INFORMATION GIVEN =

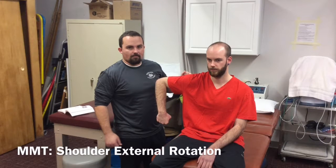This is the MMT for Shoulder External Rotation. The primary movers for external rotation are the teres minor and infraspinatus.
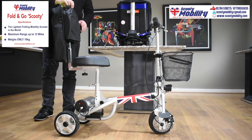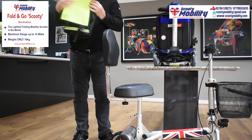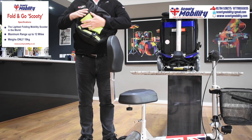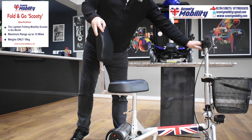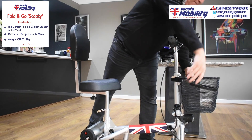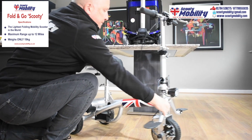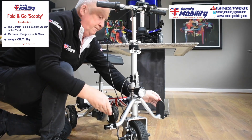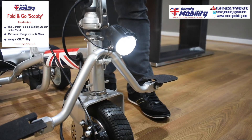So here is the scooter. I'm going to remove the bag that's included with it — the bag just clips on the back of the seat, a nice deep pocketed bag with a zip on it. There's also a mesh basket, obviously very lightweight. At the bottom here is where you'd put your feet, and they fold away too. The headlights light up the path in front of you.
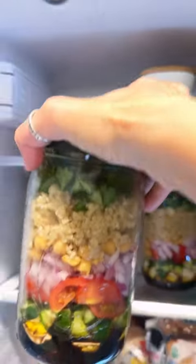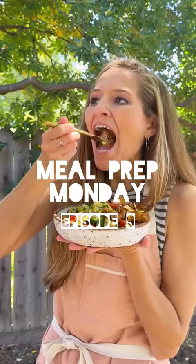Welcome back to Meal Prep Monday. Today I'm going to show you how to meal prep easy plant-based and budget-friendly summer quinoa jars.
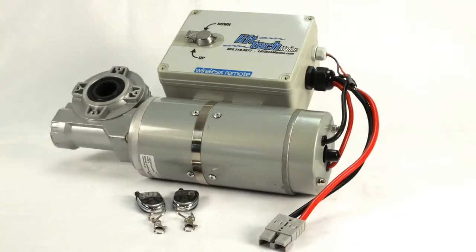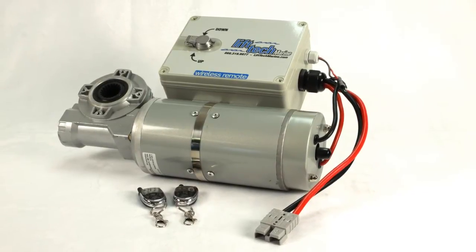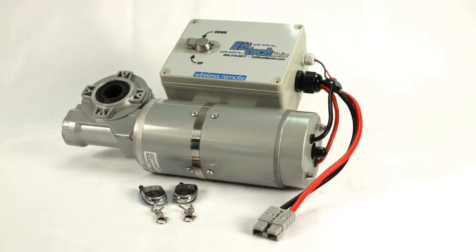Hello everyone, Chris here with BoatLiftandDoc.com. Boatlift motors have become very popular and can be added to pretty much any boat lift on the market today. Liftec Marine has been a great product for us. The unit comes in both AC and DC, but the DC unit can be powered by either 12 volt or 24 volt. A lot of times our customer asks, what's the real significance or speed advantage to this?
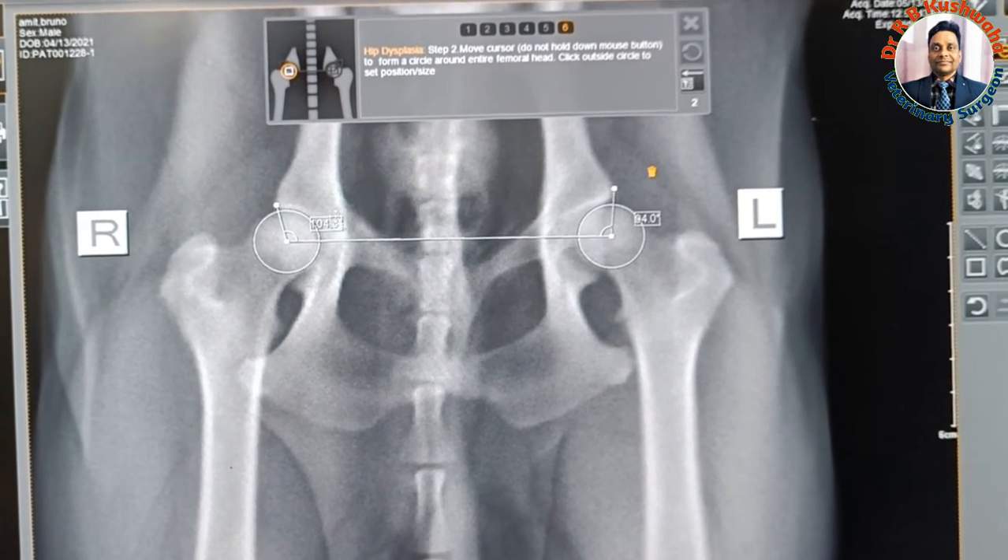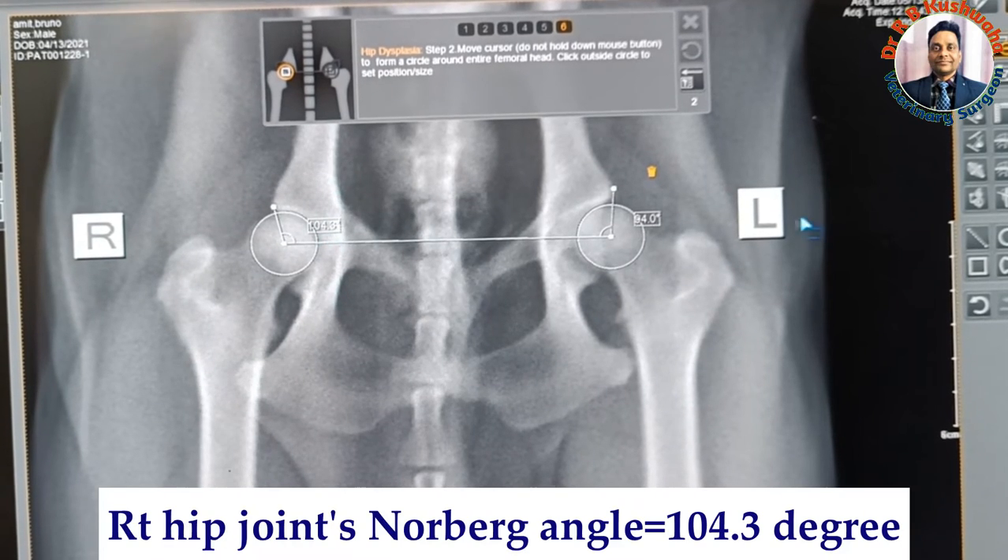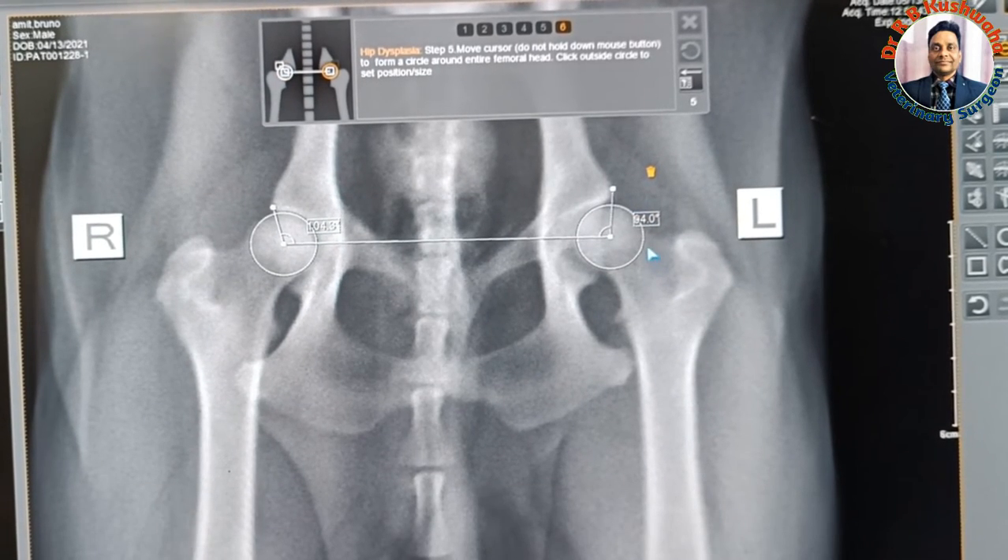The Norberg's angle for the right side of the hip joint is 104.3 degrees, whereas for the left side it is 94 degrees.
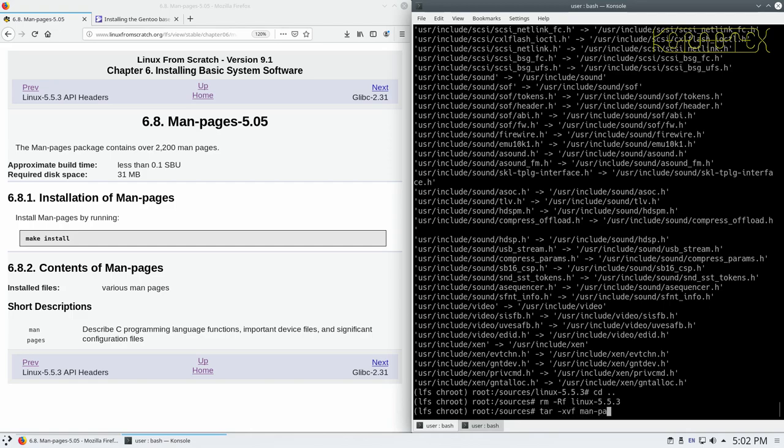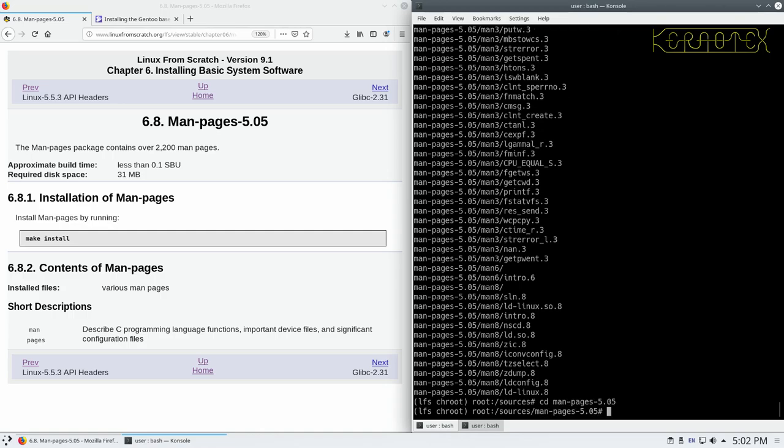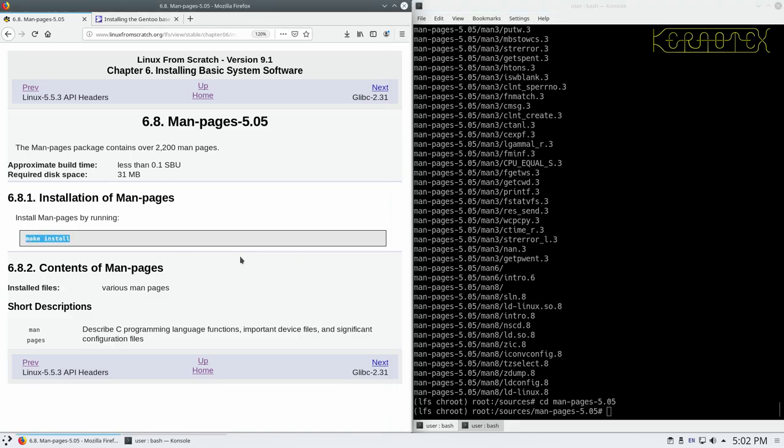Once again, same as before, we're just extracting the package. When it's extracted, we change into the directory that's been created, and then we can start running the commands that are in the book.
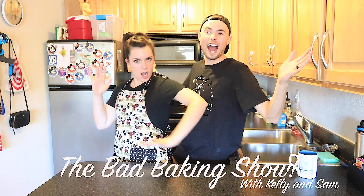Welcome to the Bad Baking Show! It's on my bucket list for this year to bake a cake, and I've never baked a cake in my life.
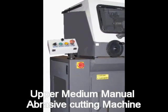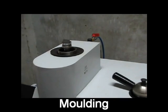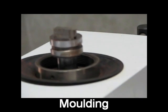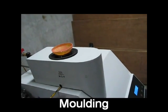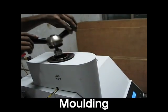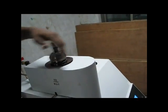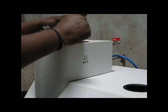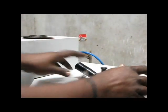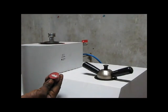This is a premium manual abrasive cutting machine. After sectioning, we will see molding the sample. We add backlight powder to mold the sample. The sample has been molded — this is the sample after molding.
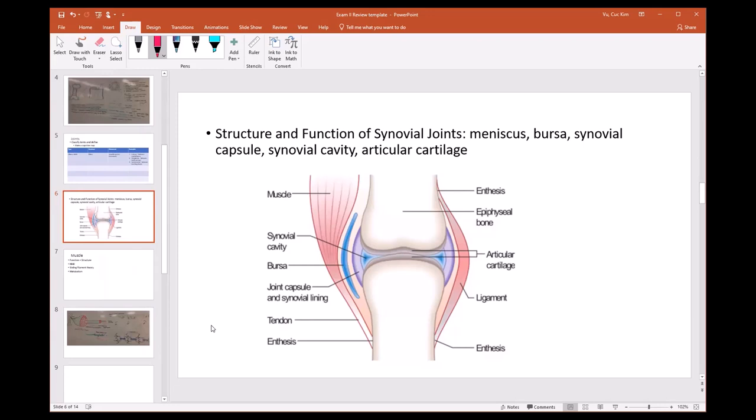For the synovial joint, know the following terms: meniscus, bursa, synovial capsule, synovial cavity, and articular cartilage. Having pictures helps distinguish what each structure is — pictures were provided in the review materials.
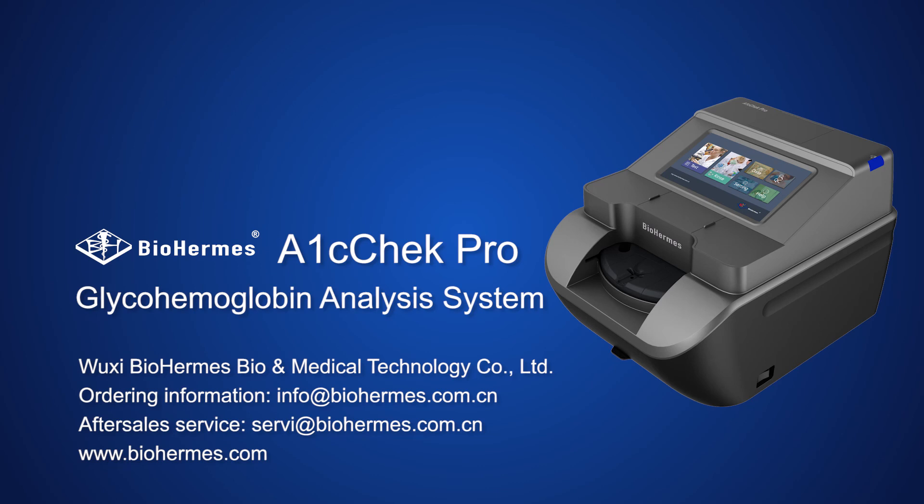Thank you for watching and using the Biohermese A1C Check Pro Glyco-Hemoglobin Analysis System.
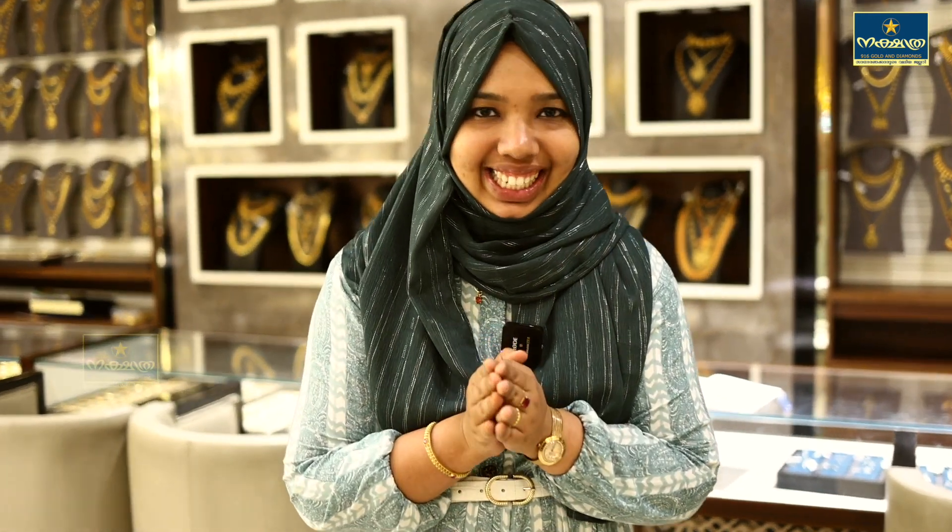Hello viewers, I am Shamna Shanawas. I am Shudra. 916 Collin Diamonds. This is a super cute unboxing video.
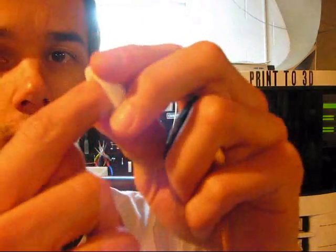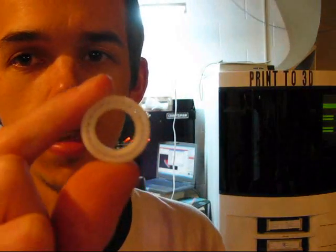This is all printed in one piece and I just peeled away the supports. Now this one here I peeled away the supports but like I said it's not functional — it's all hooked together. Here's the size difference: this one is in black ABS plastic and this one is in white.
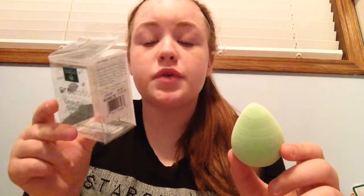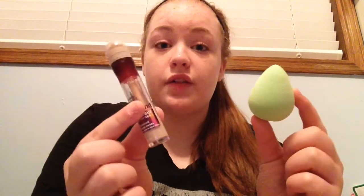It's way less expensive, which is a bonus. On the back of the package it says you're supposed to wet it in lukewarm water until it's completely saturated, then squeeze the excess water out. So I'm going to go get it wet before I apply the concealer with it as a little demonstration.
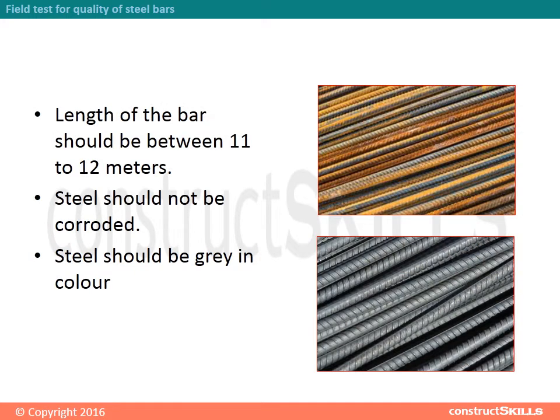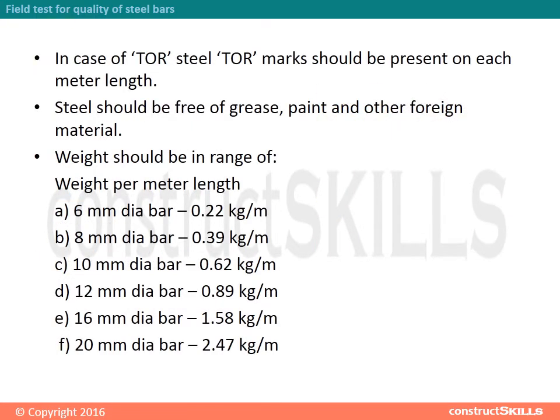The length of the bar should be between 11 to 12 meters. Steel should not be corroded. Steel should be gray in color. In the case of tore steel, tore marks should be present on each meter length. Steel should be free of grease, paint, and other foreign material.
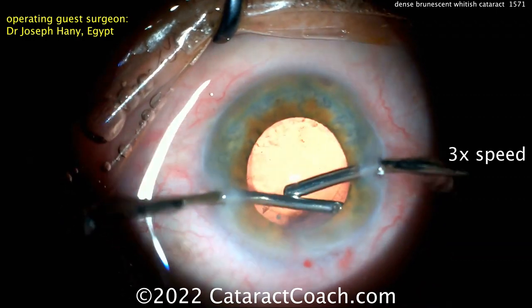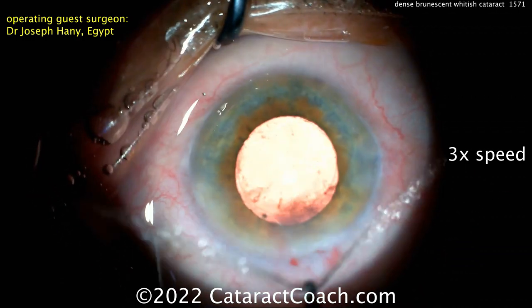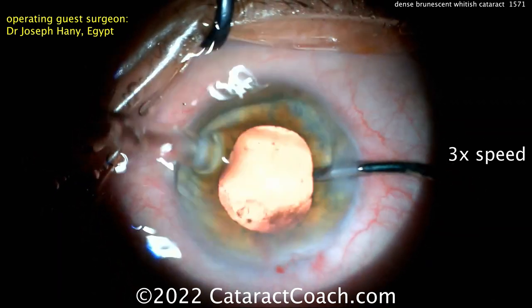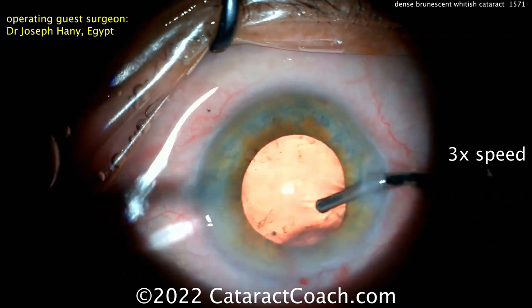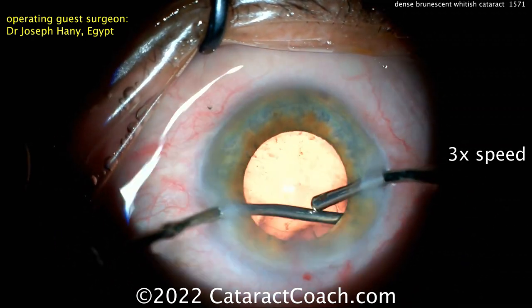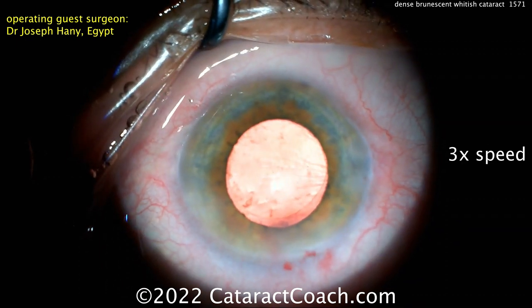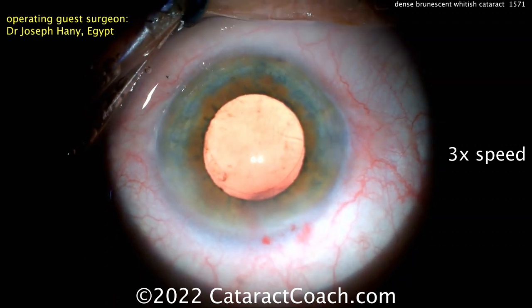Certainly get that superior cortex — if you leave any of it, it'll swell up overnight and fall under the patient's visual axis. A little bit more cleanup there. Irrigating with the right hand and aspirating with the left, cleaning up that superior cortex. Look at that big piece of cortex — smart move, doctor, you found that piece. I couldn't even see it so well in the video, so I applaud you for that one.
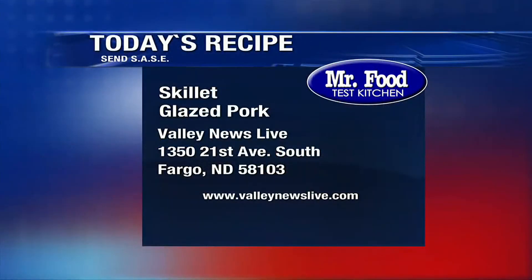There's a link to today's recipe at valleynewslive.com. Just click on the Mr. Food button, or write us at the station: 1350 21st Avenue South, Fargo, North Dakota 58103.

TASK GOAL = Print, exactly and with no pictures, the lines of the listing above starting at the one that has "This is all" and ending at the one that has "The length of", both included.

RESPONSE BELOW =
This is all printed in one piece and I just peeled away the supports. Now this one here I peeled away the supports but like I said it's not functional — it's all hooked together. Here's the size difference: this one is in black ABS plastic and this one is in white.
It's way less expensive, which is a bonus. On the back of the package it says you're supposed to wet it in lukewarm water until it's completely saturated, then squeeze the excess water out. So I'm going to go get it wet before I apply the concealer with it as a little demonstration.
The length of the bar should be between 11 to 12 meters. Steel should not be corroded. Steel should be gray in color. In the case of tore steel, tore marks should be present on each meter length. Steel should be free of grease, paint, and other foreign material.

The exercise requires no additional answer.